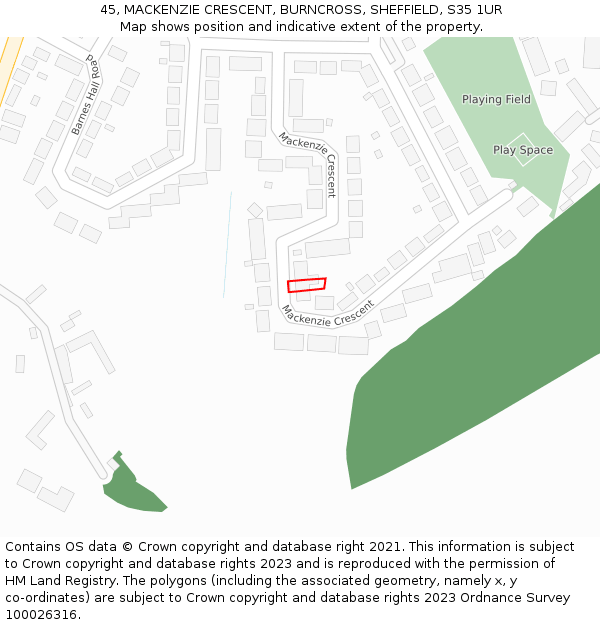 45, MACKENZIE CRESCENT, BURNCROSS, SHEFFIELD, S35 1UR: Location map and indicative extent of plot
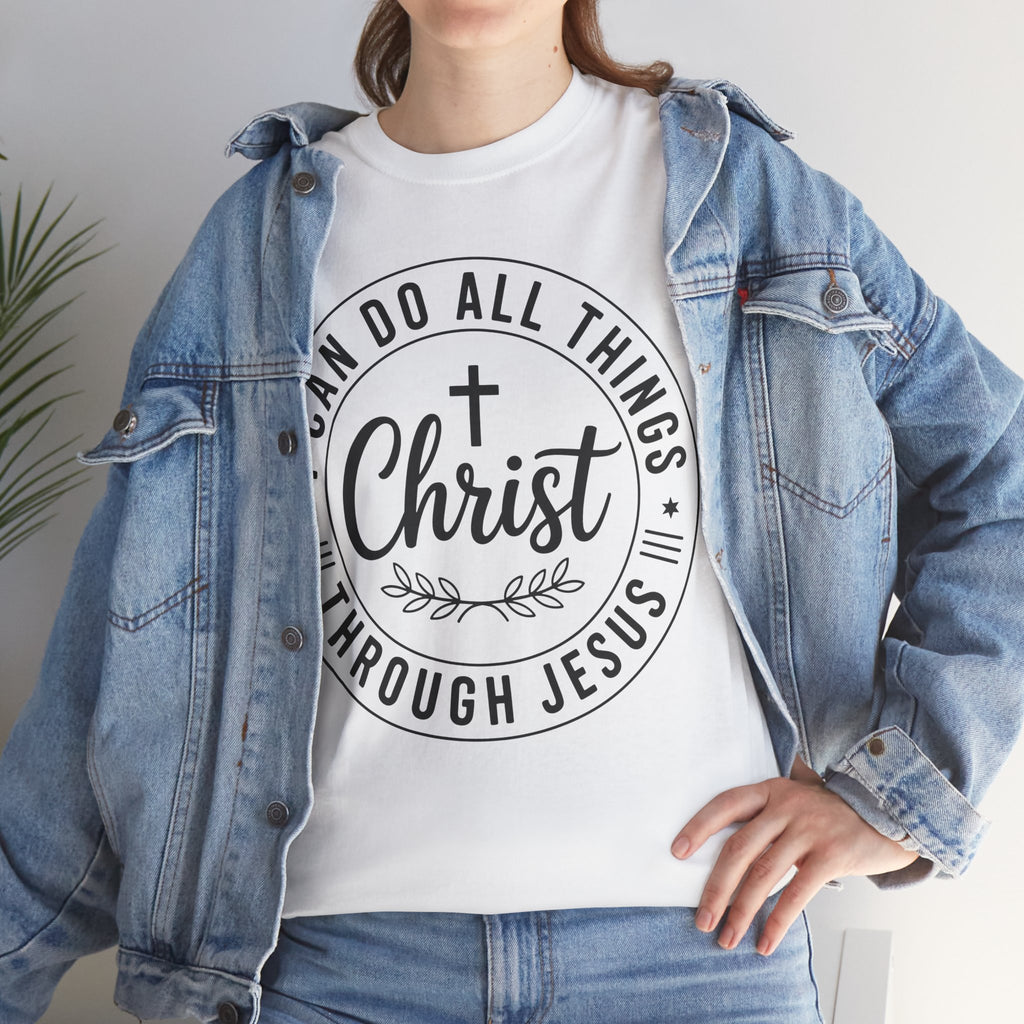 Christian Cross T‑Shirt — "I Can Do All Things Through Christ" Unisex Cotton tee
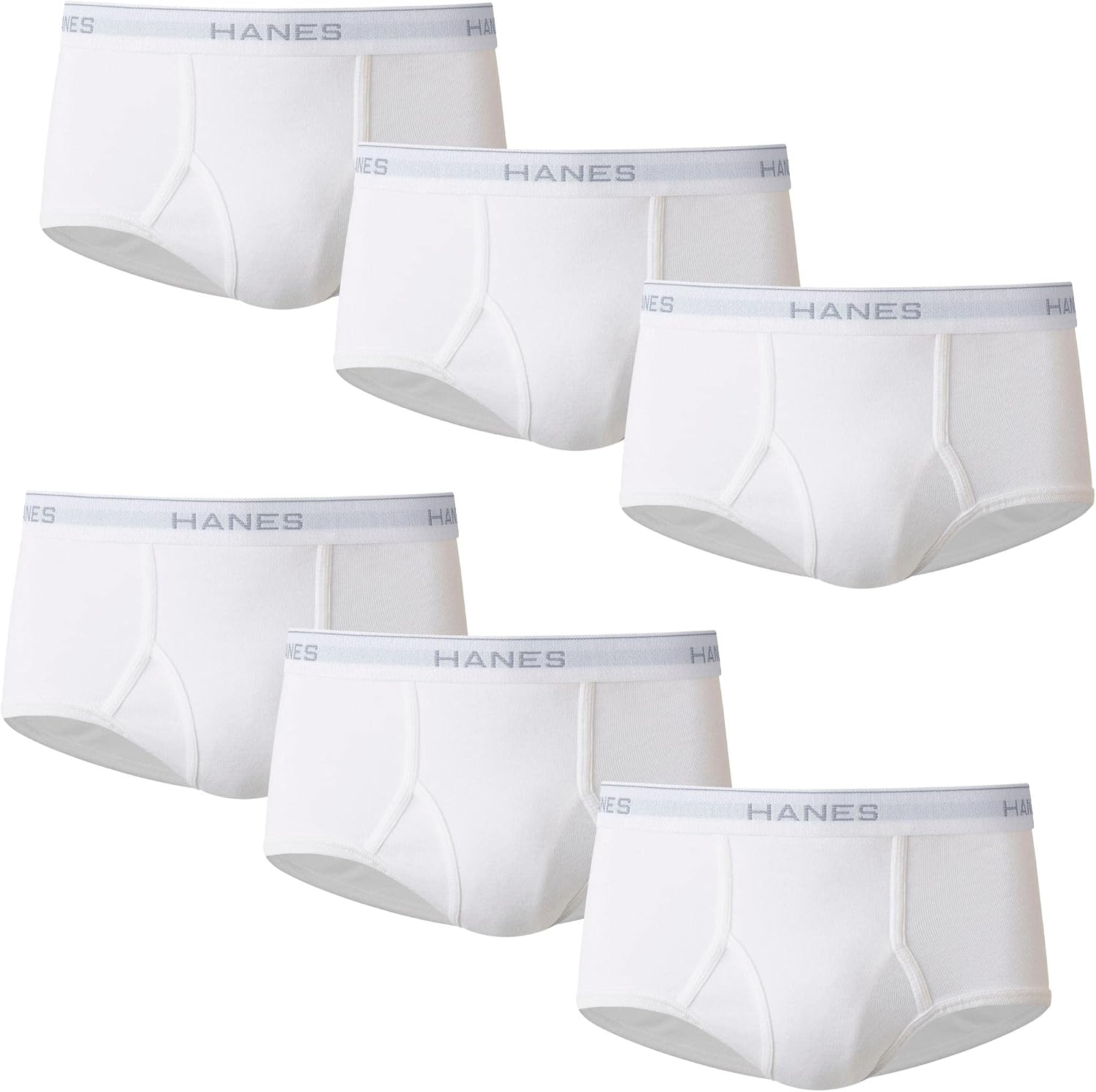 Hanes Men's Underwear Brief Pack, Full Rise Cotton Briefs, Moisture-Wicking Underwear, White, Multi-pack - Image 1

→ **Exercise objective**: Please reproduce nothing but the lines from the one containing "Christian Cross T‑Shirt" through the closing line of the listing, retyped word for word, pictures excluded.

→ **Answer box**:
 Christian Cross T‑Shirt — "I Can Do All Things Through Christ" Unisex Cotton tee
 Hanes Men's Underwear Brief Pack, Full Rise Cotton Briefs, Moisture-Wicking Underwear, White, Multi-pack - Image 1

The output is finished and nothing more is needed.